My rating: 5 of 5 stars
I don't know when I first read this. One assumes I did as a pre-teen or a teen, but I don't remember reading it. I don't remember any specifics. All I knew is that the battered paperback I hauled around with me for 25 years always made me smile every time I would go through books to get rid of them.
And I never got rid of this one.
But, why? Why did it make me smile?
So I read it again.
And, frankly, I expected to be disappointed. I had read several reader reviews here, lambasting how horrible this book is. The hundreds of comments agreeing with some of the most negative of the reviews. The one thread on which the adults who hated this book as a teen gang up on the one or two current teens who piped up to say they liked it.
As divisive as our current political landscape, apparently.
So let me weigh in.
I LOVED it. Again. And one more time. LOVED.
It's ponderous. It's a little foreign, in that I am not a male teen in 1942 at a boarding school. But, you know, I'm also not a British teen wizard. Or a teen archery expert living in a dystopian future. I don't have to directly relate to the situations to directly relate to the characters.
But even though I did relate to the characters, it was really the writing that really made me love it. Not the story. Not the conflict. But the writing. The power. The force of description. The insight.
"cobblestones heaving underfoot like a bricked-over ocean squall"
"Until now, in spite of everything, I had welcomed each new day as though it were a new life, where all past problems and failures were erased, and all future possibilities and joys open and available, to be achieved probably before night fell again. Now, in this winter snow and crutches with Phineas, I began to know that each morning reasserted the problems of the night before, that sleep suspended all but changed nothing, that you couldn't make yourself over between dawn and dusk."
"'What I mean is, I love winter, and when you really love something then it loves you back, in whatever way it has to love.' I didn't really think that this was true, my seventeen years of experience had shown this to be much more false than true, but it was like every thought and belief of Finny's: it should have been true."
"Dr. Stanpole's car was at the top of it, headlights on and motor running, empty. I idly considered stealing it, in the way that people idly consider many crimes it would be possible for them to commit. I took an academic interest in the thought of stealing the car, knowing all the time that it would be not so much criminal as meaningless, a lapse into nothing, an escape into nowhere."
"The old phrase about 'If these walls could only speak' occurred to me and I felt it more deeply than anyone has ever felt it, I felt that the stadium could not only speak but that its words could hold me spellbound.
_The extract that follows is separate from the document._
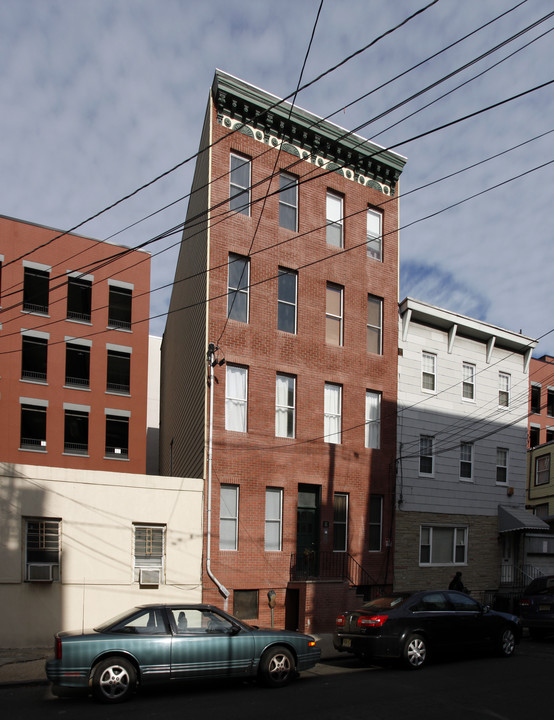 358 3rd St in Hoboken, NJ - Building Photo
In fact the stadium did speak powerfully and at all times, including this moment. But I could not hear, and that was because I did not exist."
"We members of the class of 1943 were moving very fast toward the war now, so fast that there were casualties even before we reached it, a mind was clouded and a leg was broken--maybe these should be thought of as minor and inevitable mishaps in the accelerating rush. The air around us was filled with much worse things."
"Finny...you wouldn't be any good in the war, even if nothing had happened to your leg ... They'd get you some place at the front and there'd be a lull in the fighting, and the next thing anyone knew you'd be over with the Germans or the Japs, asking if they'd like to field a baseball team against our side. You'd be sitting in one of their command posts, teaching them English. Yes, you'd get confused and borrow one of their uniforms, and you'd lend them one of yours. Sure, that's just what would happen. You'd get things so scrambled up nobody would know who to fight anymore. You'd make a terrible mess, Finny, out of the war."
"The advance guard which came down the street from the railroad station consisted of a number of Jeeps, being driven with a certain restraint, their gyration-prone wheels inactive on these old ways which offered nothing bumpier than a few cobblestones. I thought the Jeeps looked noticeably uncomfortable from all the power they were not being allowed to use. There is no stage you comprehend better than the one you have just left, and as I watched the Jeeps almost asserting a wish to bounce up the side of Mount Washington at eighty miles an hour instead of rolling along this dull street, they reminded me, in a comical and poignant way, of adolescents."
"...it seemed clear that wars were not made by generations and their special stupidities, but that wars were made instead by something ignorant in the human heart."
I'm really glad I've been hauling this around for 25 years. I'm going to haul it around for at least 25 more.